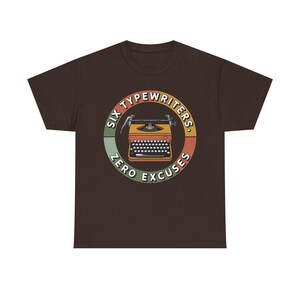 Typewriter Collector Shirt | Six Typewriters Zero Excuses | Vintage Mechanical Gift image 4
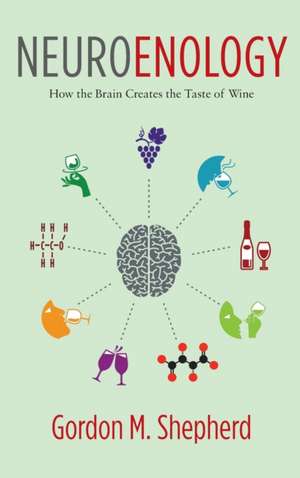 Neuroenology – How the Brain Creates the Taste of Wine de Gordon Shepherd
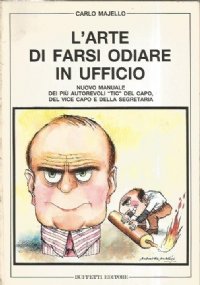 L’ARTE DI FARSI ODIARE IN UFFICIO. Nuovo manuale dei più …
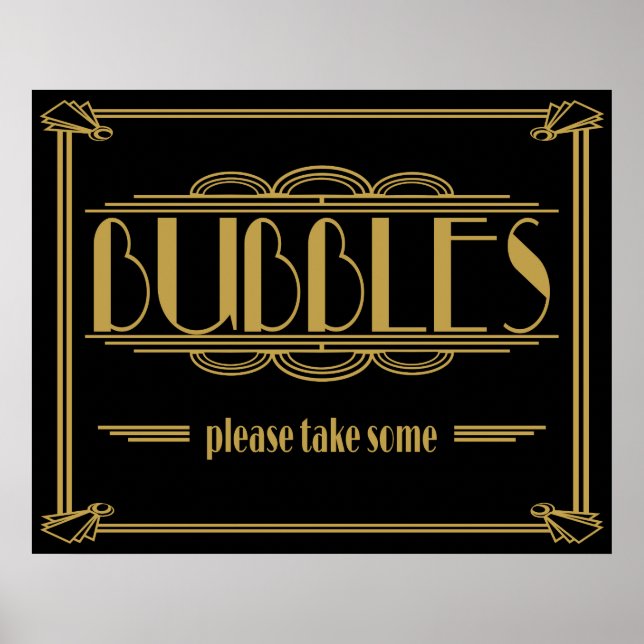 Art Deco Gatsby style Bubbles Please Take Some Poster (Front)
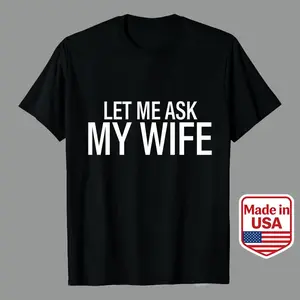 Men’s Casual Graphic Tees | 100% Premium Cotton | Unisex T-Shirt for Adults White Plus Size Loose Fit 4x 5x Let Me Ask My Wife Text Design Humorous Statement Everyday Wear Summer Fall Casual Outfit Choice Made In Casablanca Blue Collar cookies clothes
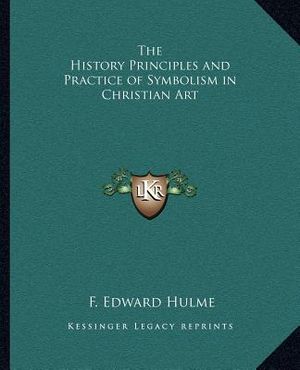 The History Principles and Practice of Symbolism in Christian Art image number 0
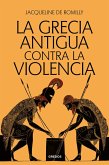 La Grecia antigua contra la violencia (eBook, ePUB)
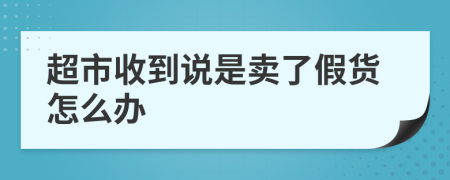 超市收到说是卖了假货怎么办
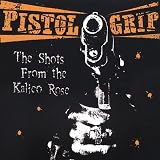 The Shots from the Kalico Rose an album by Pistol Grip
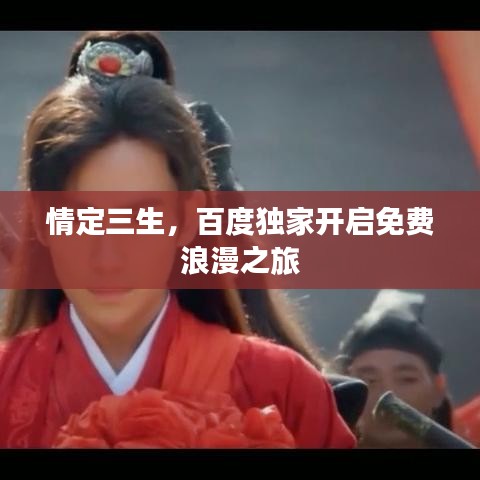 情定三生，百度獨(dú)家開啟免費(fèi)浪漫之旅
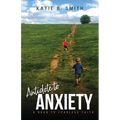 Antidote to Anxiety: A Road to Fearless Faith - Paperback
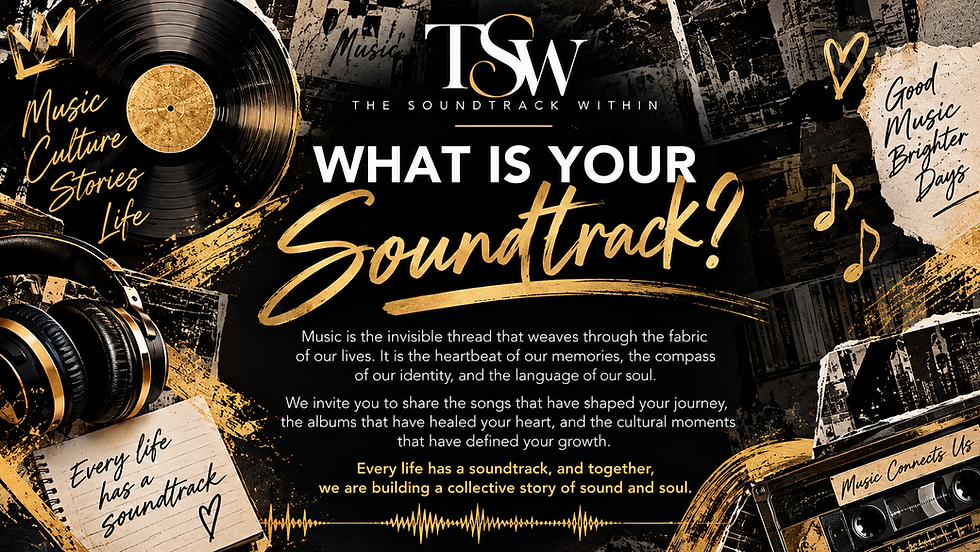 What Is Your Soundtrack_.png
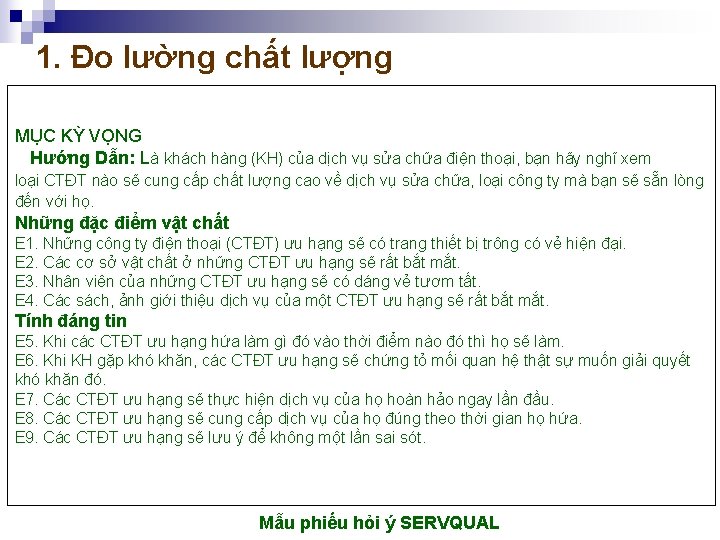 1. Đo lường chất lượng MỤC KỲ VỌNG Hướng Dẫn: Là khách hàng (KH)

........

» **What you should do**: Each line from the one containing "情定三生，百度獨(dú)家開啟免費(fèi)浪漫之旅" through the last line of the listing is to be given again exactly, with no pictures and no other lines.

» **Output for this exercise**:
 情定三生，百度獨(dú)家開啟免費(fèi)浪漫之旅
 Antidote to Anxiety: A Road to Fearless Faith - Paperback
 What Is Your Soundtrack_.png
 1. Đo lường chất lượng MỤC KỲ VỌNG Hướng Dẫn: Là khách hàng (KH)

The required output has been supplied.